In the original compact with the State, the Mono Tribe had agreed to share profits with the Picayune Rancheria of Chukchansi Indians until 2020, in order to mitigate any adverse affects to the bottom line at the Chukchansi Gold Resort and Casino in Coarsegold. However, that obligation would be null and void if the Chukchansi pursued any legal action to stop the Mono from building their casino. The Chukchansi filed suit to do just that, so the issue of profit sharing is now off the table, along with those payments estimated at $3 to $5 million a year.
The Tribe is partnering with Station Casino, and initially planned for the project to include a hotel.
“We’re going to have to start with a scaled-down facility and phase up from there,” says McGovran. “What we were talking about 12 or 13 years ago is going to cost a lot more to build now.”
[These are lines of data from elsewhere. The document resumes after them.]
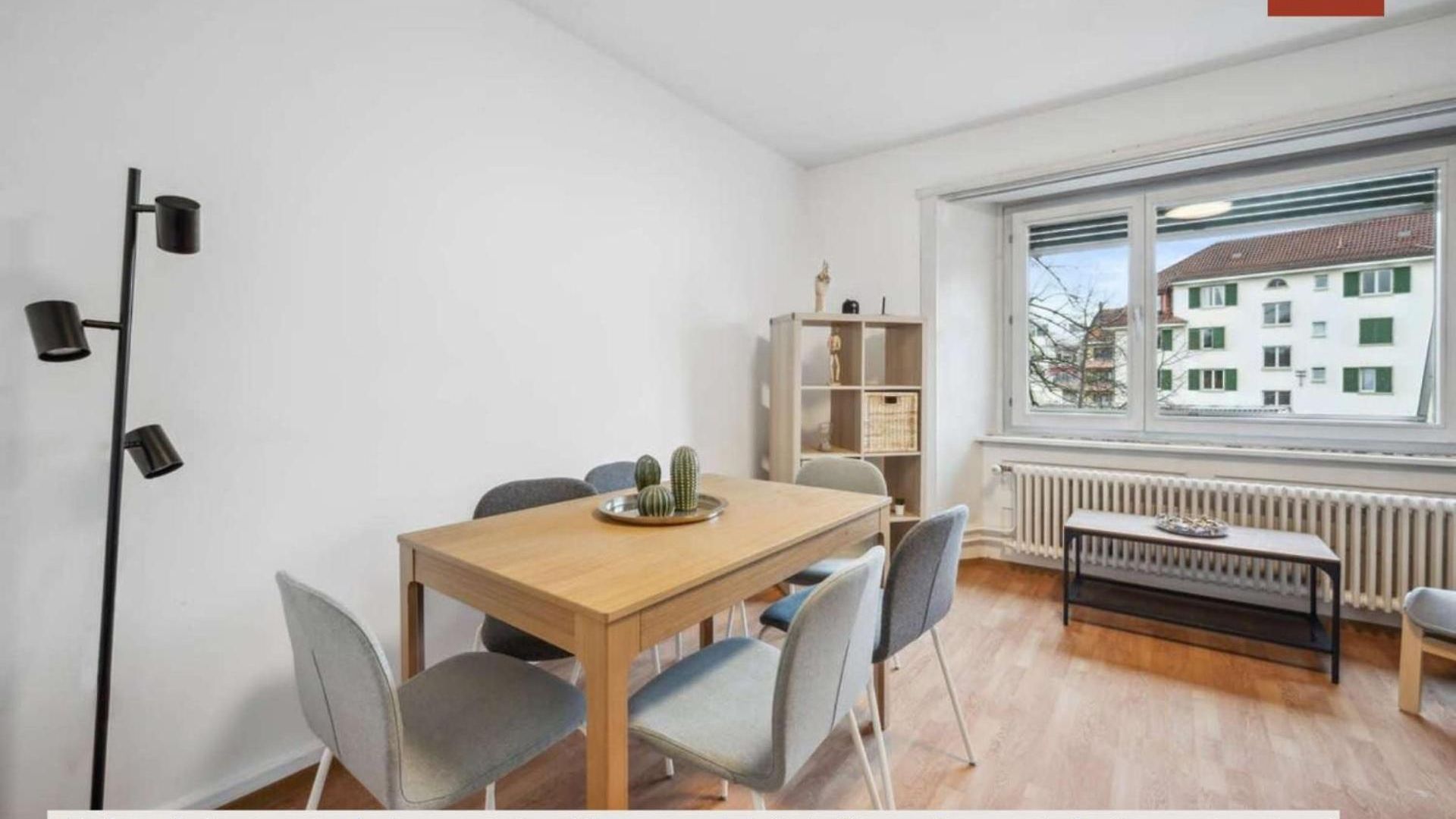 Apartment Köschenrütistrasse 55, 8052 Switzerland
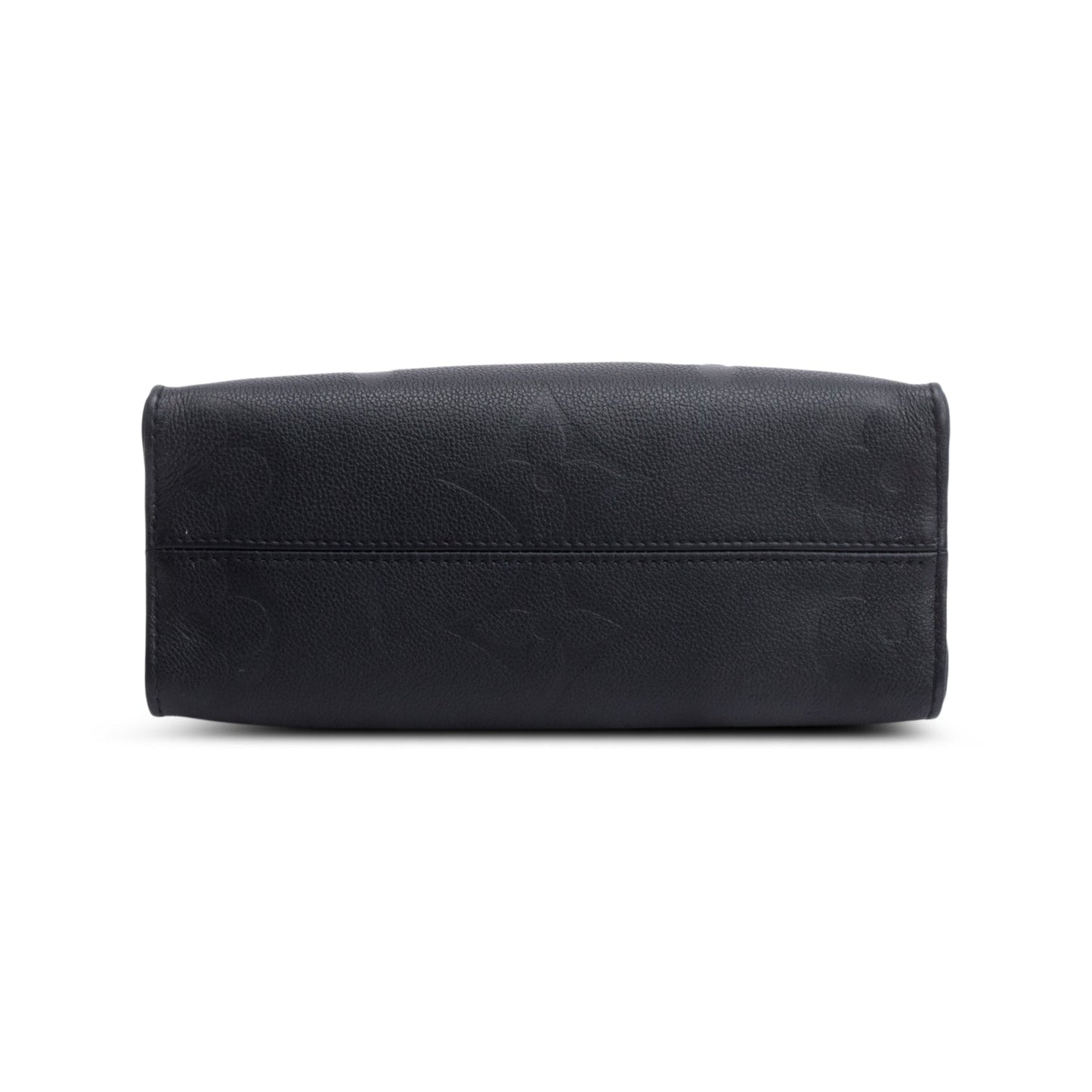 Louis Vuitton Black Empreinte Monogram OnTheGo PM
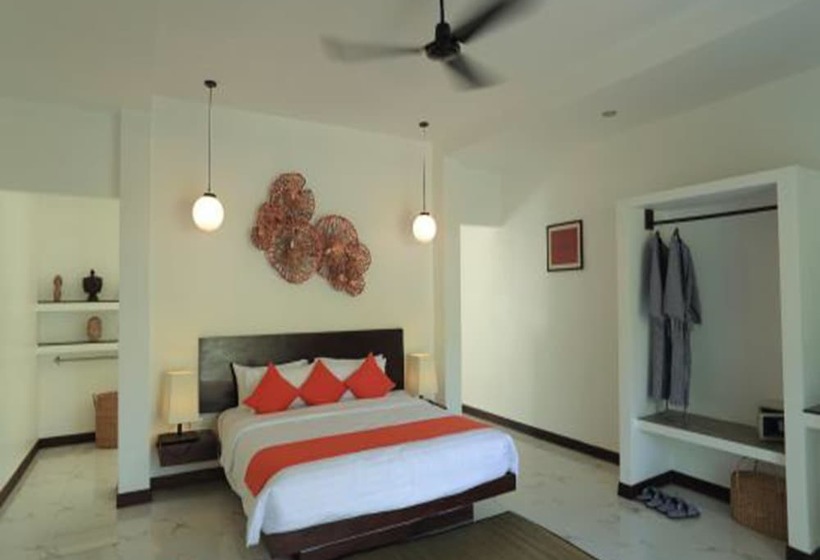 Tropic Jungle Boutique Hotel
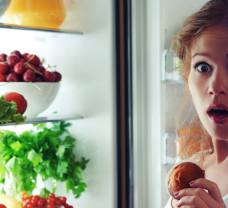 Aké jedlo, taká noc: Kvalitu spánku ovplyvní aj večera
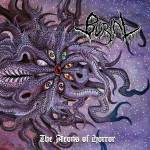 BURIAL The Aeons of Horror CD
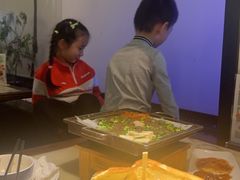 -绿茶餐厅(成都大悦城店)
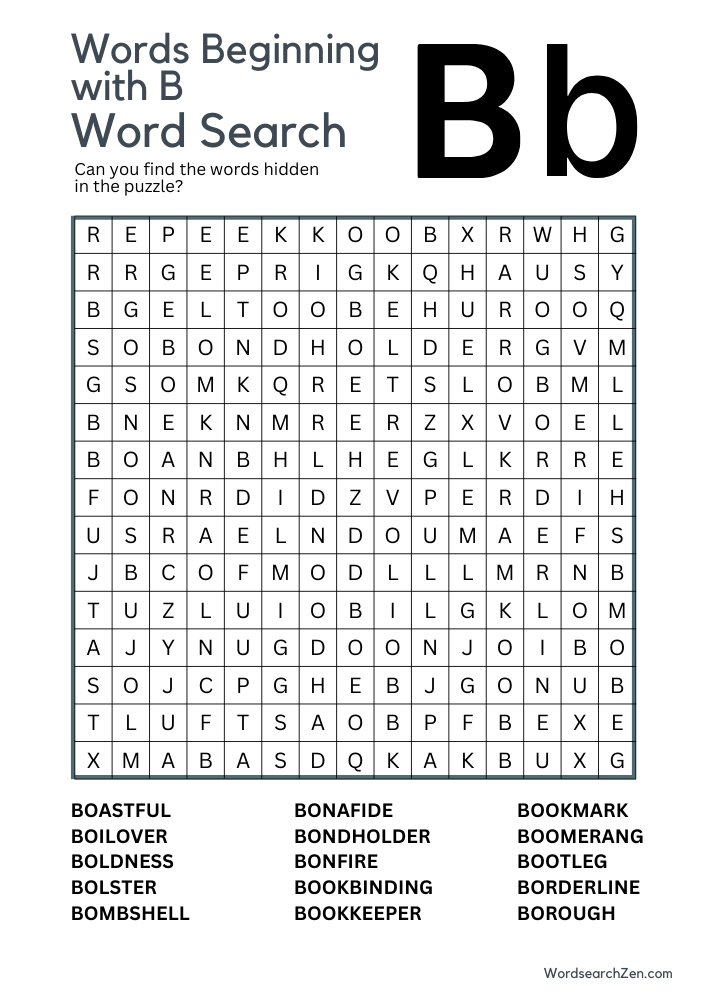 Words-Beginning-with-B-Word-Search-6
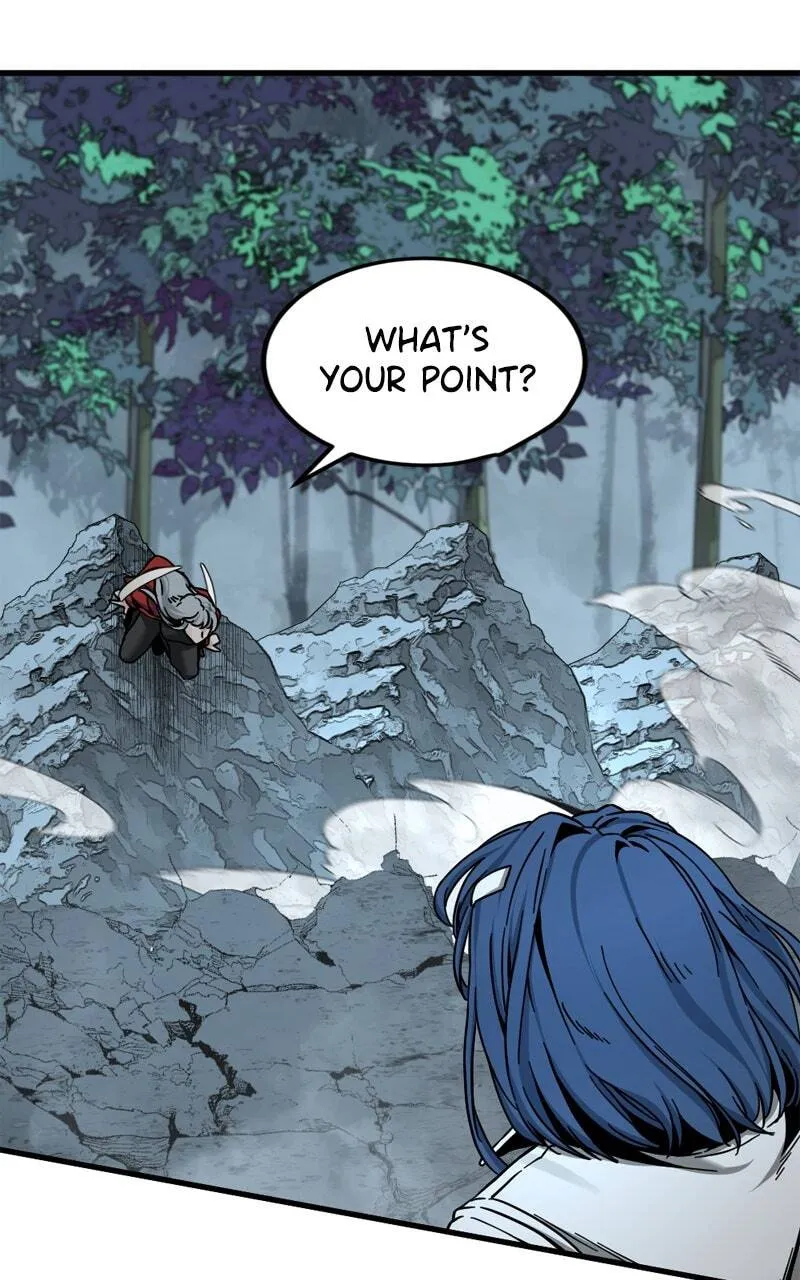 Hero Killer Chapter 131 — Page 33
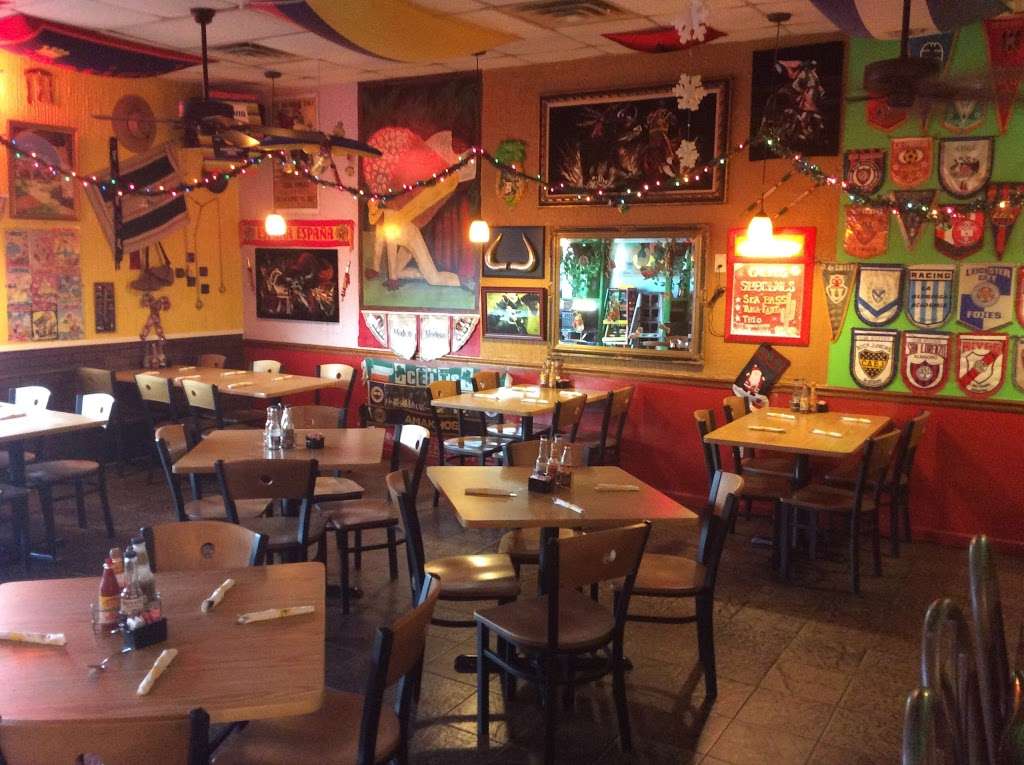 Lunas Cactus Cafe | 36666 W Bluewater Run, Selbyville, DE 19975, USA | Phone: (302) 436-4492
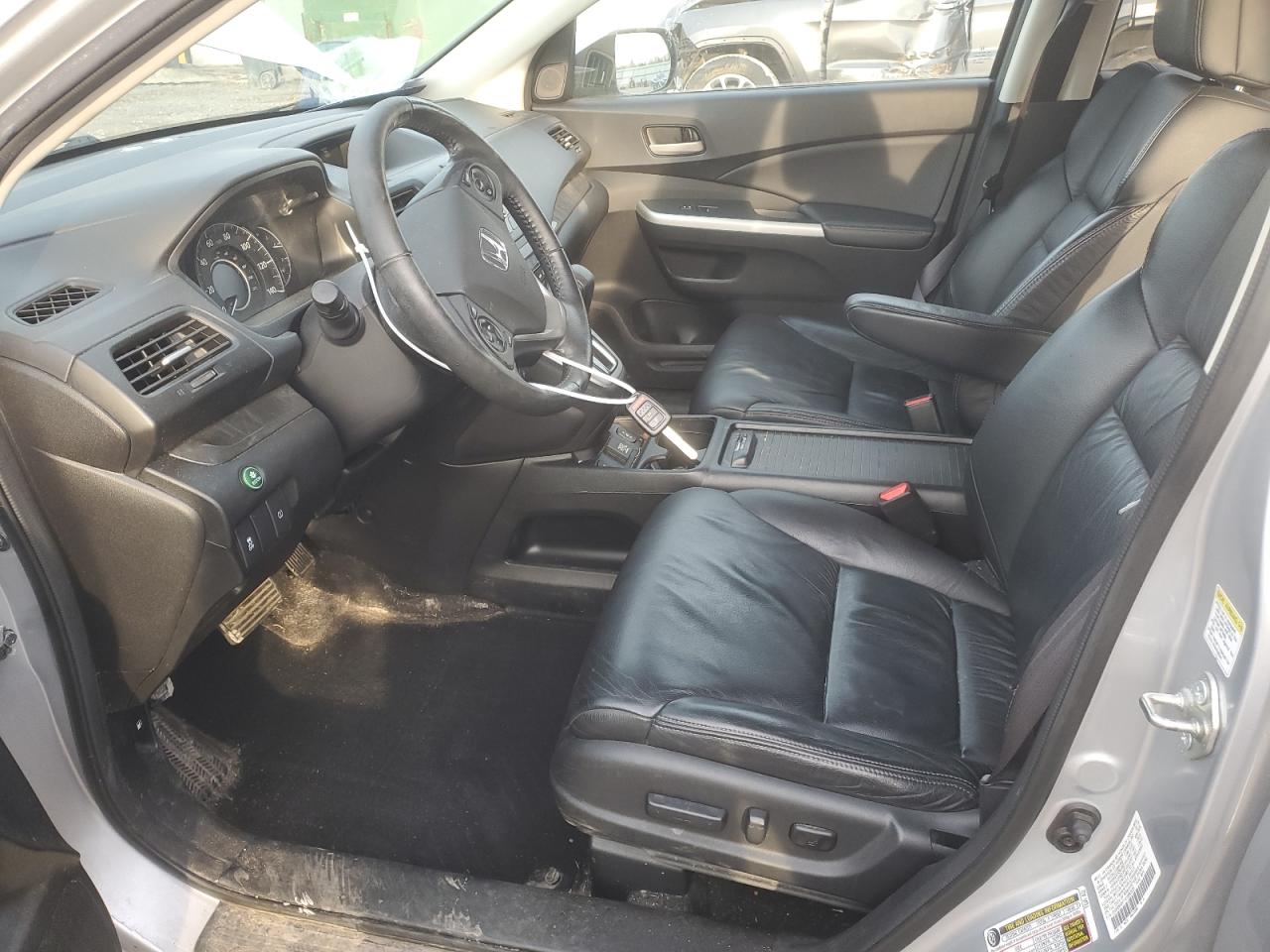2014 Honda CR-V - Image 7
Starting with a gaming floor, a food court and restaurants, the casino is expected to provide 900 to 1,000 jobs when it opens. After a look at demographics and performance of the business, they will evaluate how to proceed with the build-out. McGovran says they will likely top out at around 1,500 jobs. The initial construction phase is expected to create jobs for about 750 workers.
“It’s a different day for us right now,” says McGovran. “We’ve had to spend the last 13 years in litigation, and have big bills to pay that we never anticipation. A lot of grandiose ideas we had we may not be able to do right off the bat, but we’ll eventually get to it.”
McGovran says the Tribe is negotiating payments to the City of Madera and the County to mitigate the impact of the casino and contribute financially to the services required.
“We want everybody to understand that North Fork Rancheria is committed to being good partners,” she says. “We have full intentions of honoring everything we anticipated doing with this project, including any obligations concerning the impact that the casino will have on the community.”
She also says the meetings with local officials have been encouraging and productive.
“The Board of Supervisors and the City understand that this will create a lot of jobs. Our talks will be good talks, we will be responsible partners, and through our negotiations, we’ll agree on something we can all live with.”